イヤーパッドを付けたら、完成である。意外と簡単で1時間程度の作業だった。

改造後の音

音は、まったくもって別物である。というかドライバが変わって音が変わらないはずはない。リケーブルなんて半分オカルト突っ込んでる物とは話が別なのである。
K404時代の全盛期に比べれば解像度は落ちた。しかし音のバランスは申し分ない。全く問題なく聞ける音が出てくる、
音のこもりは、かなり低減されたがまだ若干ある。これはハウジング側の影響かもしれない。
少し不満は残るものの、十分に合格点である。
流石にもうこれをゴミだとは思えなくなった程度には改善された。

ついでにリケーブルも

少しは愛着が出てきたのでリケーブルもしてみた。ケーブルは8000円のなんぞ買えやしないので自作である。
コネクタは秋月とマルツで買った適当なもの。ケーブルはストックがあったオヤイデのHPC-26Tを1.5m。8000円のケーブルに比べれば600円/mとお安いケーブルだが、普段カナレのL4E6Sとか4S6とか使ってる私にとっては超高級品である。L4E6Sの6倍くらいする。f:id:tpcbtw:20180519153630j:plain

適当にはんだ付けして完成。
ケーブルを変えて聴き比べをしてみるが、ぶっちゃけ大差ない。
そもそもリケーブルに対してかなり否定的な自分であったが、より懐疑的にならざるを得ないような状況である。
注意して聞けば差はある気がするが、ブラインドテストして当てれる自信はない。
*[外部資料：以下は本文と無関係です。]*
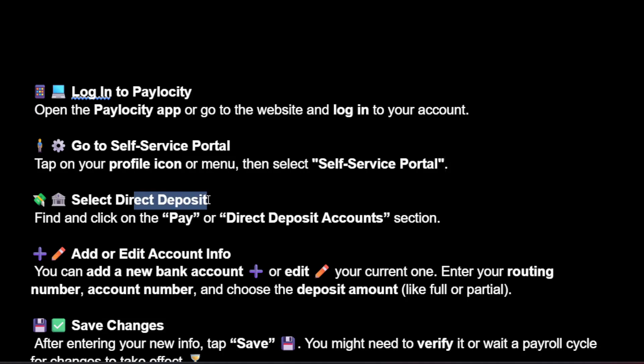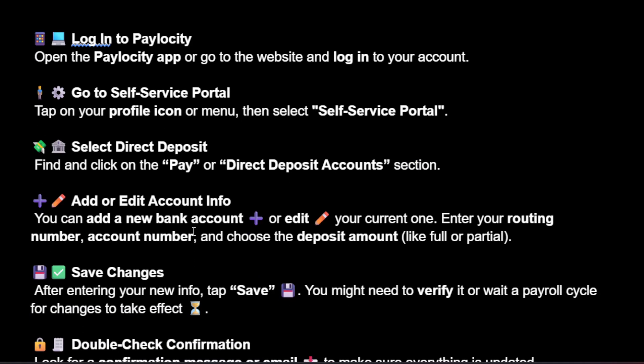Select direct deposit. Find and click on the pay or direct deposit accounts section, then add or edit your account info.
まぁ自分が糞耳だということもあるが。
それに上で書いたように内部配線自体が細いのだ。実際にそこまで差は生まれないだろう。
ケーブルの材料代的に1000円以上したし、もうちょっとどうにかなって欲しかったものだが、まぁケーブルなんてそんなものなのかもしれない。

 

次にやるとしたら内部配線の交換と、コネクタ部の交換、音のこもりを改善するために吸音材を詰めることだろうか。正直どれもあまりやる気が起きない。
まぁ外出時用のヘッドホンであるし、そこまで音にこだわりがあるわけでもない。
気が向いたら手を付けよう。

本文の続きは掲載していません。